Mr. Ozell is severely touched by Mr. Pope in the first book of the
Dunciad, on what account we cannot determine; perhaps that satyrist
has only introduced him to grace the train of his Dunces. Ozell was
incensed to the last degree by this usage, and in a paper called The
Weekly Medley, September 1729, he published the following strange
Advertisement[B]. 'As to my learning, this envious wretch knew, and
every body knows, that the whole bench of bishops, not long ago, were
pleased to give me a purse of guineas for discovering the erroneous
translations of the Common Prayer in Portugueze, Spanish, French,
Italian, &c. As for my genius, let Mr. Cleland shew better verses in
all Pope's works, than Ozell's version of Boileau's Lutrin, which the
late lord Hallifax was so well pleased with, that he complimented
him with leave to dedicate it to him, &c. &c. Let him shew better
and truer poetry in The Rape of the Lock, than in Ozell's Rape of the
Bucket, which, because an ingenious author happened to mention in the
same breath with Pope's, viz.

'Let Ozell sing the Bucket, Pope the Lock,

'the little gentleman had like to have run mad; and Mr. Toland and Mr.
Gildon publicly declared Ozell's Translation of Homer to be, as it was
prior, so likewise superior, to Pope's.----Surely, surely, every man
is free to deserve well of his country!'

John Ozell.


This author died about the middle of October 1743, and was buried in
a vault of a church belonging to St. Mary Aldermanbury. He never
experienced any of the vicissitudes of fortune, which have been so
frequently the portion of his inspired brethren, for a person born in
the same county with him, and who owed particular obligations to his
family, left him a competent provision: besides, he had always enjoyed
good places.
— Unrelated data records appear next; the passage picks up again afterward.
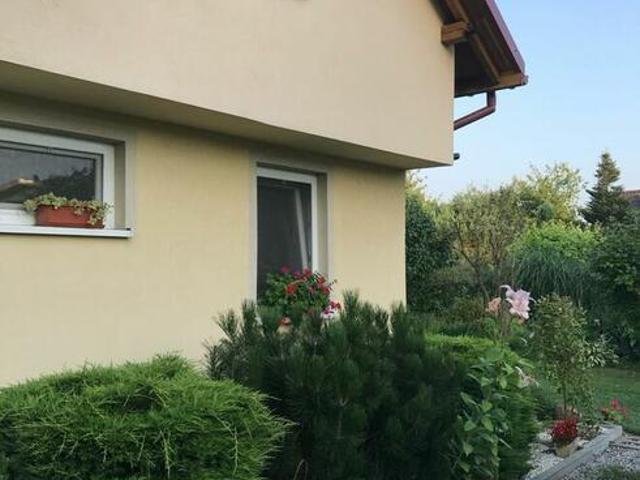 Dom całoroczny 60 m² + działka 13,5 ar + drewniany domek 30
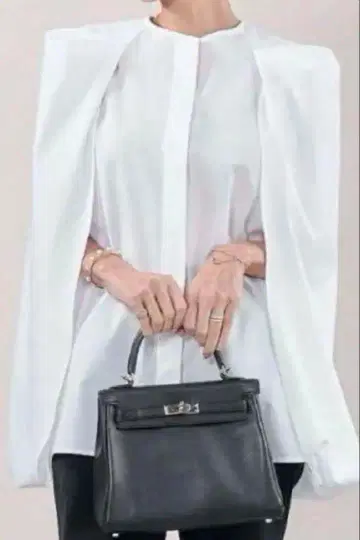 fete 페테 케이프 블라우스 화이트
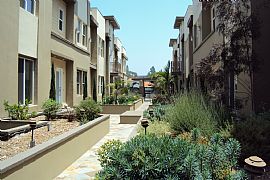 Nice Condo 3 Bedrooms 2.5baths,  in Pasadena, CA (Photo 3 of 4)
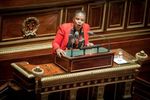 Christiane Taubira, Ministre de la Justice, à la tribune du Sénat lors de l'examen du projet de loi en faveur du mariage des personnes de même sexe, auquel Françoise Laborde apporte son soutien par son vote.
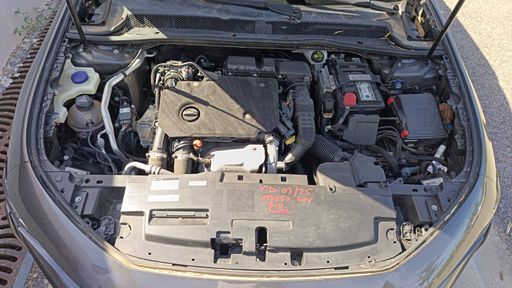 Peugeot 508 1.5 BlueHDi 130 EAT8 - Allure – 2021 – 142335 km – Diesel – Boîte Automatique — photo 20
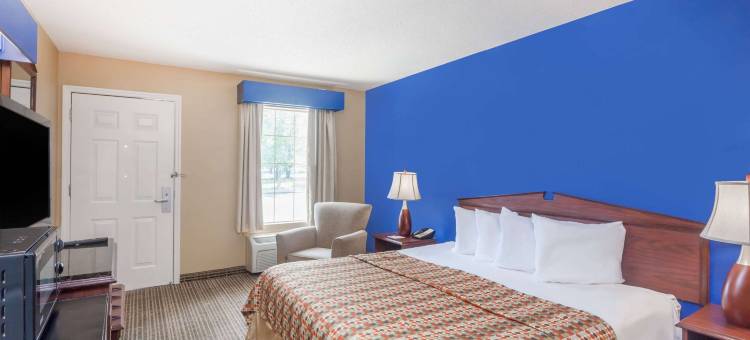 佛罗伦萨-马斯尔肖尔斯呗盟套房酒店(Baymont by Wyndham Florence/Muscle Shoals)图片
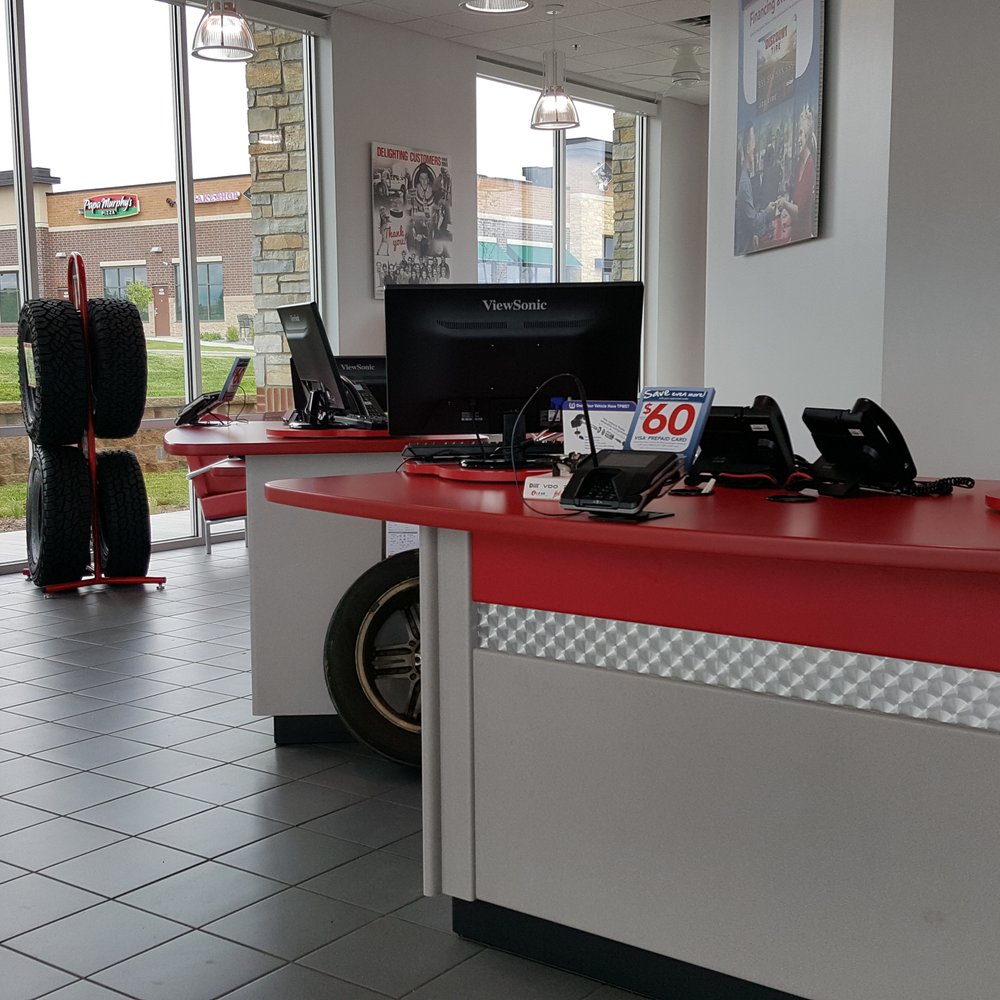 Discount Tire - Indoors - Wheel & Rim Repair Near Me - Woodbury, Minnesota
He was for some years auditor-general of the city and
Bridge accounts, and, to the time of his decease, auditor of the
accounts of St. Paul's Cathedral, and St. Thomas's Hospital. Though,
in reality, Ozell was a man of very little genius, yet Mr. Coxeter
asserts, that his conversation was surprizingly pleasing, and that he
had a pretty good knowledge of men and things. He possibly possessed
a large share of good nature, which, when joined with but a tolerable
understanding, will render the person, who is blessed with it, more
amiable, than the most flashy wit, and the highest genius without it.